Sailpower.com catches up with UK pro windsurfer John Hibbard to see how things are going at the UK’s first indoor windsurfing competition.

After a slow start, the indoor windsurfing competition at the Schroders London boat show is well and truly underway. The first heats in both slalom and freestyle are going well although there is clearly a different technique that the riders need to adopt to cope with the indoor conditions as John Hibbard explains:

“It was always gonna be harder in an artificial situation but it’s not actually too bad after a few practice runs. There are certain things you do here which you don’t do in outside windsurfing. There is a certain way you turn the board and a certain way you angle the sail the way the wind is. It’s not a normal angle of tack for the wind so you have to get a little bit lower down, you have to keep your legs a bit straighter and once you’ve learned that, it gets a little bit easier.”

As Hibbard goes on to say, almost none of the riders competing in this competition have tried indoor windsurfing before: “Only one of the guys here has, Nik Baker. The indoor windsurfing trend stopped about two years before I turned pro.”

It looks like the trend may be coming back and the French are big supporters of indoor windsurfing. They will in fact be hosting their own indoor event at Bercy, Paris in March in which Hibbard hopes to compete. He added: “I’m on the world tour already and I have a world ranking. I also think that competing in this event will help. The majority of the guys on the world tour haven’t done indoor before, so that fact that I have is an advantage for me.”

Only a few indoor arenas like this one exist and there is obviously quite a high running cost involved sot they are generally run just for competitions. This meant that practice for the event had to be done elsewhere. Hibbard spent a month in South Africa preparing for the event. He said: “I went to Cape Town for about a month where I managed to get out on the water pretty much every day. It’s hot and sunny and generally a lot nicer than here. I practiced the type of skills I thought I might need for indoor windsurfing. Lots of short runs, fast turns. I prepared mentally as well by watching lots of videos looking at techniques which I am trying to apply here.”

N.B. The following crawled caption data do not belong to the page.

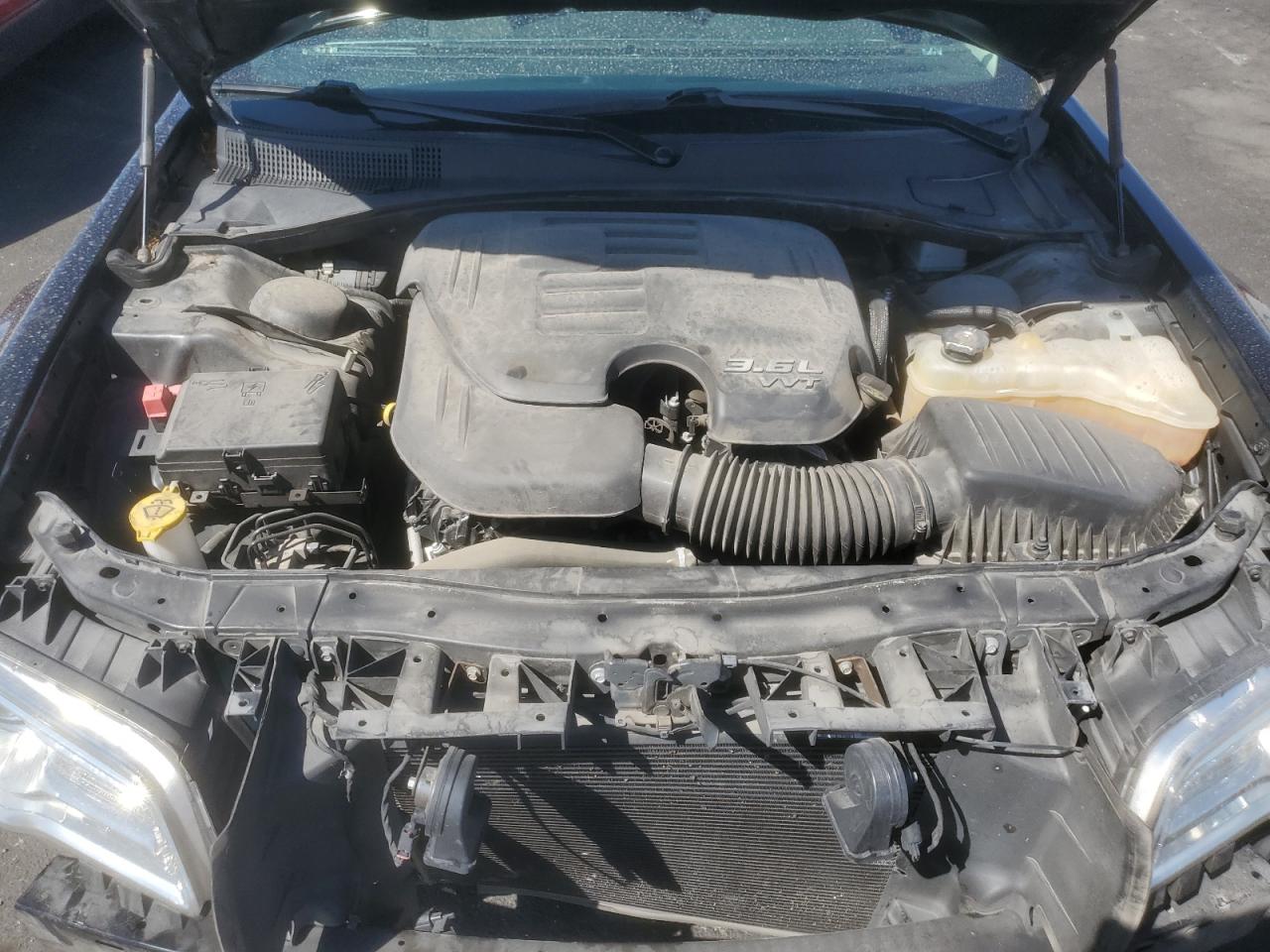 2020 Chrysler 300 Touring VIN: 2C3CCAAG2LH202929 Lot: 70671555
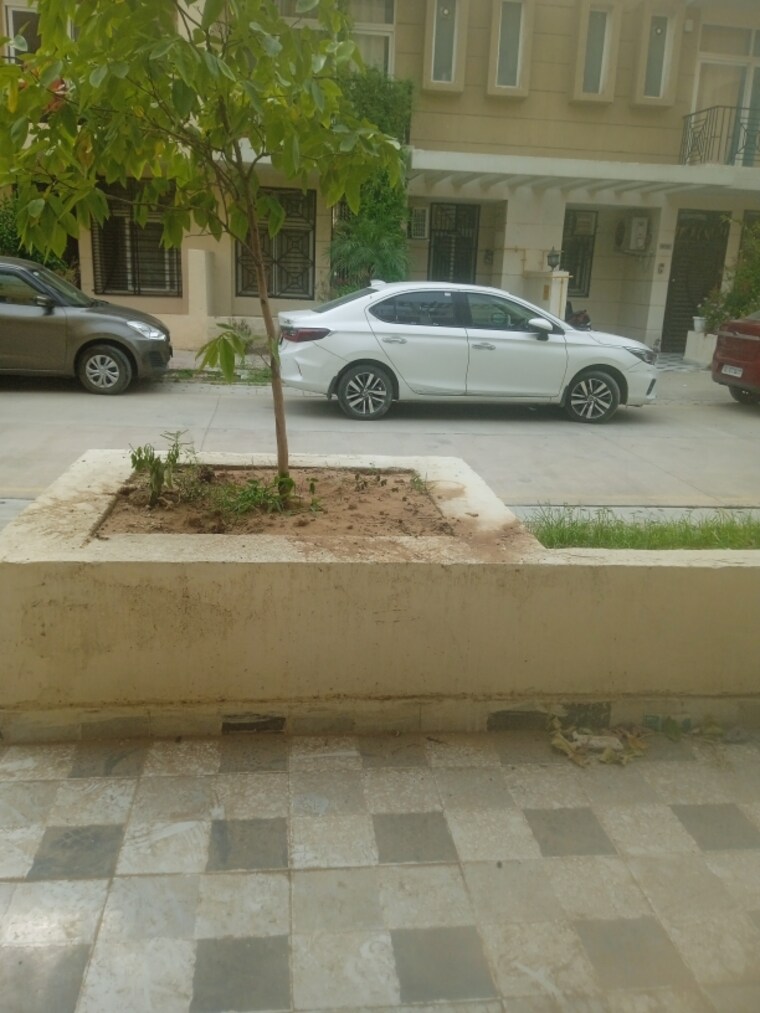  Parking, amrapali-dream-valley 4 Bedroom 2450 Sq.Ft. Villa In Tech Zone 4 Greater Noida Greater Noida 9007569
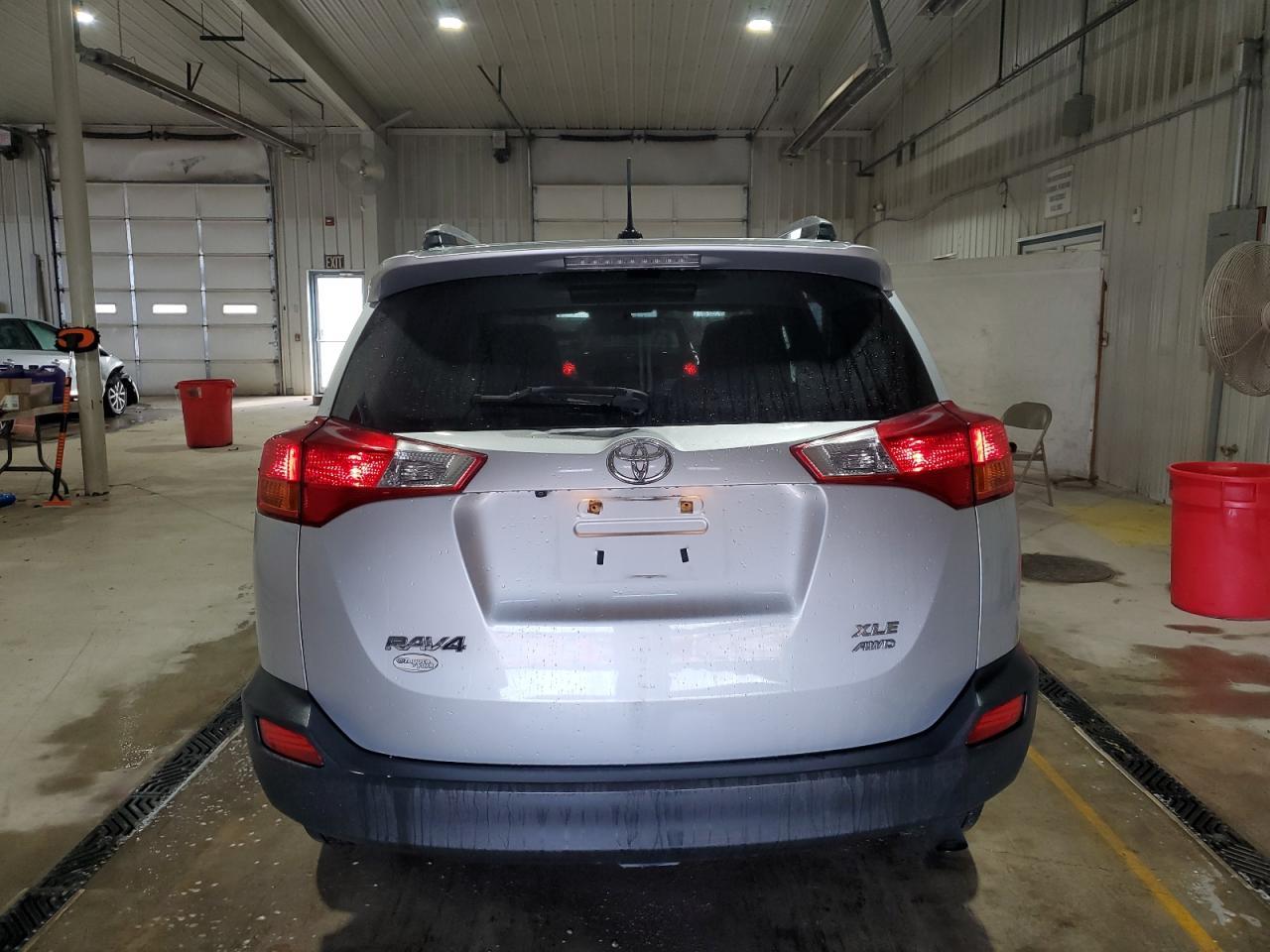 2015 Toyota Rav4 Xle - Image 6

So how do the windsurfers on the world tour rate this competition? Is it a significant competition in the UK calendar for 2004? Or is it more about gaining recognition for the sport? Hibbard continued: “For promotion of the sport it’s really significant, for the windsurfing, I don’t think it’s a really big deal. It’s a showpiece, an advert for the sport, an advert for the sailors and to promote how good windsurfing is, and the standard of windsurfing in the UK is really high. We’ve got guys here who are among the top 5 in the world. I don’t think it’s significant as far as who wins, I think it’s just significant for the sport.”

So the overall impression of the event is very positive, and as the riders get more used to the conditions, the competition gets tougher. To watch the action live visit the Schroders London boat show where the competition is running until 18 January at the ExCel centre in London’s docklands.